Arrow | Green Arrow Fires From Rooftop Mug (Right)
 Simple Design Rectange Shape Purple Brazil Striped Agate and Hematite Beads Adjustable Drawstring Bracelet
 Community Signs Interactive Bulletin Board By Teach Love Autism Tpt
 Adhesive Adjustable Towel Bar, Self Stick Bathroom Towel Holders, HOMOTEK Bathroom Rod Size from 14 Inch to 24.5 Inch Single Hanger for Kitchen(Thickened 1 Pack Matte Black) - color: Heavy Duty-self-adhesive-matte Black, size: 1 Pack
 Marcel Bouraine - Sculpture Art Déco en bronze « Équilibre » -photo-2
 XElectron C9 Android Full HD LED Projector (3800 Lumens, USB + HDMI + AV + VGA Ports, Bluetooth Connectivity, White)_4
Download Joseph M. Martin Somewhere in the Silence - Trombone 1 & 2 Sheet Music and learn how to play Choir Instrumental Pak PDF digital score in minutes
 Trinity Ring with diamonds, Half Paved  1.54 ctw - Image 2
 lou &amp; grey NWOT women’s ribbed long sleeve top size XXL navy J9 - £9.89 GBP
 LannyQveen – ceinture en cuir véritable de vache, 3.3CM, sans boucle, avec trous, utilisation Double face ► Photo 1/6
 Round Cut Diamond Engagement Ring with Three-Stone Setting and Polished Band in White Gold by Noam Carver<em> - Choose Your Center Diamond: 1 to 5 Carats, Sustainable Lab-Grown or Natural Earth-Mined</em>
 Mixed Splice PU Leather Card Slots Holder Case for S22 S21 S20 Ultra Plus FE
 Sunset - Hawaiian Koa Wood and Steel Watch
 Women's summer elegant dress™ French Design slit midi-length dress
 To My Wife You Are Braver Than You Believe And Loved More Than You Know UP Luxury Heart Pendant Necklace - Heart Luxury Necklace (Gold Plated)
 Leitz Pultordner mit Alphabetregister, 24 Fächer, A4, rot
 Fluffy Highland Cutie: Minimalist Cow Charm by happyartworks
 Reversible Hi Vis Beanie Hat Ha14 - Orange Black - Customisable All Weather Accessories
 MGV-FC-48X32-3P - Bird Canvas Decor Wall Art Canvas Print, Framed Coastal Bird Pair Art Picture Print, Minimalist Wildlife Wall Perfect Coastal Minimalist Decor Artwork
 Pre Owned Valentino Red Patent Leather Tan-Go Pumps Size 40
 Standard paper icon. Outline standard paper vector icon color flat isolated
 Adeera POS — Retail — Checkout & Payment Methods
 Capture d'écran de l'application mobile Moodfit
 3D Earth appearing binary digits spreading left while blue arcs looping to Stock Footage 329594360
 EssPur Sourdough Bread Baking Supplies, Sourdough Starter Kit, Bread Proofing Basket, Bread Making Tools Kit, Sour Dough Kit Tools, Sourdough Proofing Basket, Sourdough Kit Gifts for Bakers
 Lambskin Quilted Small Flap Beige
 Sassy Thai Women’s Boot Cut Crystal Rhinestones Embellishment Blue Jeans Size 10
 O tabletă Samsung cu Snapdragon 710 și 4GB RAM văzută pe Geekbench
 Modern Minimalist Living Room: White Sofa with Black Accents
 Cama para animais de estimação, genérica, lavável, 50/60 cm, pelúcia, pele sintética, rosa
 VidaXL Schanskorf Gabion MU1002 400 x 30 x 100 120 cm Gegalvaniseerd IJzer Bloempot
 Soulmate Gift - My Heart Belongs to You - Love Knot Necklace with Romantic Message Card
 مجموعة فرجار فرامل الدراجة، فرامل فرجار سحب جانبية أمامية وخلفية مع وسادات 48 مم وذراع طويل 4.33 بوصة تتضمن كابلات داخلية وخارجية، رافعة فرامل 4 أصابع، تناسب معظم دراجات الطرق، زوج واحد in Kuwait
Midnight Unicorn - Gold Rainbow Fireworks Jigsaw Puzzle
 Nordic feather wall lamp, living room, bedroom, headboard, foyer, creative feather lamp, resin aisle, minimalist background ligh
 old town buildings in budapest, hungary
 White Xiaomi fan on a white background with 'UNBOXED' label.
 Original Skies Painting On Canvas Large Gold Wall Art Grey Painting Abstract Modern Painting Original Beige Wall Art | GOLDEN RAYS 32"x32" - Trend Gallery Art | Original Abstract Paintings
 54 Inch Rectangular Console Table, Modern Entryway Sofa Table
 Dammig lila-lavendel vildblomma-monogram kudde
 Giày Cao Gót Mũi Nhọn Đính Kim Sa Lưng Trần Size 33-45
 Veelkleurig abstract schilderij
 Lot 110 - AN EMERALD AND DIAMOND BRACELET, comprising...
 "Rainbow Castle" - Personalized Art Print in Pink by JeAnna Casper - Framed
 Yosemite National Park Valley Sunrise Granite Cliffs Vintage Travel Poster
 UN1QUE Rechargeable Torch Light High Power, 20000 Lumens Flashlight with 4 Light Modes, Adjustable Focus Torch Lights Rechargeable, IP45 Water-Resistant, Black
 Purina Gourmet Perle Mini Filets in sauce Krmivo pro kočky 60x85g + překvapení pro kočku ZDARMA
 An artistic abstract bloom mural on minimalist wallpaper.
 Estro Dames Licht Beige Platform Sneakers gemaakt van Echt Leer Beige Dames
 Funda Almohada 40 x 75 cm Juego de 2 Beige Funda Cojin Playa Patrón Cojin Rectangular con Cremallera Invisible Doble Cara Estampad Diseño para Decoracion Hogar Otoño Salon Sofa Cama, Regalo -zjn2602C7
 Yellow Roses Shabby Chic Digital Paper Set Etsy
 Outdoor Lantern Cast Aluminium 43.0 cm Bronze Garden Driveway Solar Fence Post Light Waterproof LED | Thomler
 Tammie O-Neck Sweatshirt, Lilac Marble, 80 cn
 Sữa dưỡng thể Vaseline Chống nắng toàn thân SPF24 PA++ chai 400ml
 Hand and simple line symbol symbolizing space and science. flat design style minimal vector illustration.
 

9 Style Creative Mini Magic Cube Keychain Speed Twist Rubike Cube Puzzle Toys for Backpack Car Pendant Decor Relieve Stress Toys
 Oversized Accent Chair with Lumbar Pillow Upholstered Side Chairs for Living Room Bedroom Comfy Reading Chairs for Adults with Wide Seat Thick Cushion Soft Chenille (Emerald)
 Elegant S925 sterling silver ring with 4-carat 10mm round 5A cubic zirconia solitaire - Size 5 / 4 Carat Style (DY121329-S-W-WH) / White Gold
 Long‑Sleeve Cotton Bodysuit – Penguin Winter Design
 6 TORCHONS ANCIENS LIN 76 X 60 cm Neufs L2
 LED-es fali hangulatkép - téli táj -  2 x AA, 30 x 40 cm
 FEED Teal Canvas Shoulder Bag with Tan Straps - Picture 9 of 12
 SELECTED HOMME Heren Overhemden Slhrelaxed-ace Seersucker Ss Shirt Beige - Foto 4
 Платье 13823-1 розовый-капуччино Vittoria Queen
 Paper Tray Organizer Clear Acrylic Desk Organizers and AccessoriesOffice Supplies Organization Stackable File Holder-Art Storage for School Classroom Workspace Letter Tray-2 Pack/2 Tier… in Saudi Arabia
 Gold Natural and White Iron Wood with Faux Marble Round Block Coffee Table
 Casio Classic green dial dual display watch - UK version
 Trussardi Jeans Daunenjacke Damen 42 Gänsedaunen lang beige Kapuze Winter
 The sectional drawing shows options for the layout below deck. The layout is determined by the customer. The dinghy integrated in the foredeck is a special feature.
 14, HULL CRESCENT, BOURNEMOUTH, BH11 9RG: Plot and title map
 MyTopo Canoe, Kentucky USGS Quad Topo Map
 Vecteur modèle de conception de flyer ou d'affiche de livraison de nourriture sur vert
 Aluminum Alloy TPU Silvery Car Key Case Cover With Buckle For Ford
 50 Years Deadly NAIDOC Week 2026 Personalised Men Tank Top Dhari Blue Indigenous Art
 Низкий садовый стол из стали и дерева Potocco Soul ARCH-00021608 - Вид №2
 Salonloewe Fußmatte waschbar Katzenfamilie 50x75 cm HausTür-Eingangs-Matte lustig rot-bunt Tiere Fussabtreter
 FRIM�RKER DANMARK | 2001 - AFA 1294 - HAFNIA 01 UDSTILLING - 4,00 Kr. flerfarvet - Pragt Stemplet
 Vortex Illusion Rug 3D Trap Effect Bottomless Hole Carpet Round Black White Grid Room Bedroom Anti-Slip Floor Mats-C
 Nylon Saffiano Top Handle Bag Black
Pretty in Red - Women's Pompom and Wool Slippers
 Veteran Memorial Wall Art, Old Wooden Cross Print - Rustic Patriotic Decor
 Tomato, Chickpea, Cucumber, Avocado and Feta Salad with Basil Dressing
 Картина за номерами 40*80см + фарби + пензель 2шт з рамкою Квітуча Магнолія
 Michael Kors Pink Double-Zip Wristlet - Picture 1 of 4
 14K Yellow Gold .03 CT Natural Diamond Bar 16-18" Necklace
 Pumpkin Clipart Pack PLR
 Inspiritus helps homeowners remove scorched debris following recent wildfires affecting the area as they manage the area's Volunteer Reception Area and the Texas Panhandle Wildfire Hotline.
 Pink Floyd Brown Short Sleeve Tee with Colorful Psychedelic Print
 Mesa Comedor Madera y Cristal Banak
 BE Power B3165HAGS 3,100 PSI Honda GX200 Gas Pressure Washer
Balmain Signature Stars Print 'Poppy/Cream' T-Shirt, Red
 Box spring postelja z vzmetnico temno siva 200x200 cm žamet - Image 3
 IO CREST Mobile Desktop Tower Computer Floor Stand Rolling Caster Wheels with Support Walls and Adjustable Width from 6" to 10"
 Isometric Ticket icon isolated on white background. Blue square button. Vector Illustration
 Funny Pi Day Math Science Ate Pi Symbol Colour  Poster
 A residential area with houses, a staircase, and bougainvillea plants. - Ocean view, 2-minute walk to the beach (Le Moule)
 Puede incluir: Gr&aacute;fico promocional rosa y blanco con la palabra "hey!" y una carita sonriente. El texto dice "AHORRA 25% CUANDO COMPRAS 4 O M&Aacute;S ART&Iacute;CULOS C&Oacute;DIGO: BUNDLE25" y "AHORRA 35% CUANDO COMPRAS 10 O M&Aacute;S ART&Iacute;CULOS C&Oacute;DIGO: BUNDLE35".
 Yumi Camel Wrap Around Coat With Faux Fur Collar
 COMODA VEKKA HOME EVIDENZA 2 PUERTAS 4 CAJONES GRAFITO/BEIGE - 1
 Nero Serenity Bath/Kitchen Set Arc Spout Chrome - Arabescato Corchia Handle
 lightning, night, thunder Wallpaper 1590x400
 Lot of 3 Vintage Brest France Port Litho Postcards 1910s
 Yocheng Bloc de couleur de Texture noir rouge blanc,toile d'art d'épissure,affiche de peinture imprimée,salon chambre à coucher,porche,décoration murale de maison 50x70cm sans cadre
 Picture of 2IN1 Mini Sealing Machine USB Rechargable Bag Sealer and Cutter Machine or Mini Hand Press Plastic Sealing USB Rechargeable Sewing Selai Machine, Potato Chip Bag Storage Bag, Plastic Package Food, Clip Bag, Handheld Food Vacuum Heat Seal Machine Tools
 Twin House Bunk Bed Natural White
_ _ _ _ _
Instructions to follow: Return, unchanged, the run of lines above that opens with the line containing "Community Signs Interactive" and closes with the line containing "Marcel Bouraine - Sculpture". Include both.

Task result:
 Community Signs Interactive Bulletin Board By Teach Love Autism Tpt
 Adhesive Adjustable Towel Bar, Self Stick Bathroom Towel Holders, HOMOTEK Bathroom Rod Size from 14 Inch to 24.5 Inch Single Hanger for Kitchen(Thickened 1 Pack Matte Black) - color: Heavy Duty-self-adhesive-matte Black, size: 1 Pack
 Marcel Bouraine - Sculpture Art Déco en bronze « Équilibre » -photo-2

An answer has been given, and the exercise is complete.